Le casting n'est pas en reste, les multiples personnages sont savoureux. Une mention spéciale pour le petit garçon qui joue le rôle d'un Woody enfant anachronique et qui est vraiment crédible.
L'acteur n'est autre que Seth Green, qui jouera une dizaine d'années plus tard le rejeton du Dr Denfer dans la saga Austin Powers. Il en a fait du chemin le gamin!

Plein d'autres acteurs tirent leur épingle du jeu, l'inévitable Mia Farrow délicieusement insupportable, puisqu'elle rêve de percer dans la radio, tout en ayant une voix aigue absolument horrible, et chantant affreusement faux!
Elle finira d'ailleurs par réussir à se faire une petite place grâce à un malentendu avec un mafiosi qui était sensé la liquider, mais qui finalement lui servira de piston.
Ensuite, Dianne Wiest, actrice lunaire qui accueillera sous son toit quelques années plus tard le pauvre Edward aux mains d'argent dans le film de Tim Burton, et qui joue ici le rôle d'une célibataire endurcie qui enchaîne les rencards avec des ratés.
Marge Simpsons joue le rôle central de la mère de la famille, oui, Marge Simpsons, Aka Julie Kavner sa voix américaine, et qui est géniale de cynisme dans le rôle de la blasée.

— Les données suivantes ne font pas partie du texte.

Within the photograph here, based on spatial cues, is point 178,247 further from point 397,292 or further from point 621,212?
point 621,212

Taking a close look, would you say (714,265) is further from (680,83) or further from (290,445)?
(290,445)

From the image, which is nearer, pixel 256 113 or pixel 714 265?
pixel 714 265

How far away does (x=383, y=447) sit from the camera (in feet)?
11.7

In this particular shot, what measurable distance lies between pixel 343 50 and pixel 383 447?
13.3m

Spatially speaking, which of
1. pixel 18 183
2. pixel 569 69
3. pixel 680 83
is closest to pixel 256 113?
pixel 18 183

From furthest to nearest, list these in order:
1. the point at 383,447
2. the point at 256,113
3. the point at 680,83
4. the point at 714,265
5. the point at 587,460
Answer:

Pour terminer, j'aimerai mentionner le personnage du père qui refuse en permanence d'avouer à son fils quelle est sa profession. Rôle très marrant, puisqu'il s'agit d'un gros pantouflard tel un lebowski des grands soirs qui reste planté à dire deux trois conneries tout en ne foutant rien alors que le reste de la famille s'affaire autour de lui à faire vivre la maison.

Très bon film, ce qui ne l'empêche pas de tomber parfois un peu dans l'anecdotisme et la facilité, mais grâce à son ambiance, son originalité, la difficulté de son sujet (traiter la radio est particulièrement casse gueule, on a pu le constater avec un film sorti à la même époque comme "Talk Radio" d'Oliver Stone), le charme opère.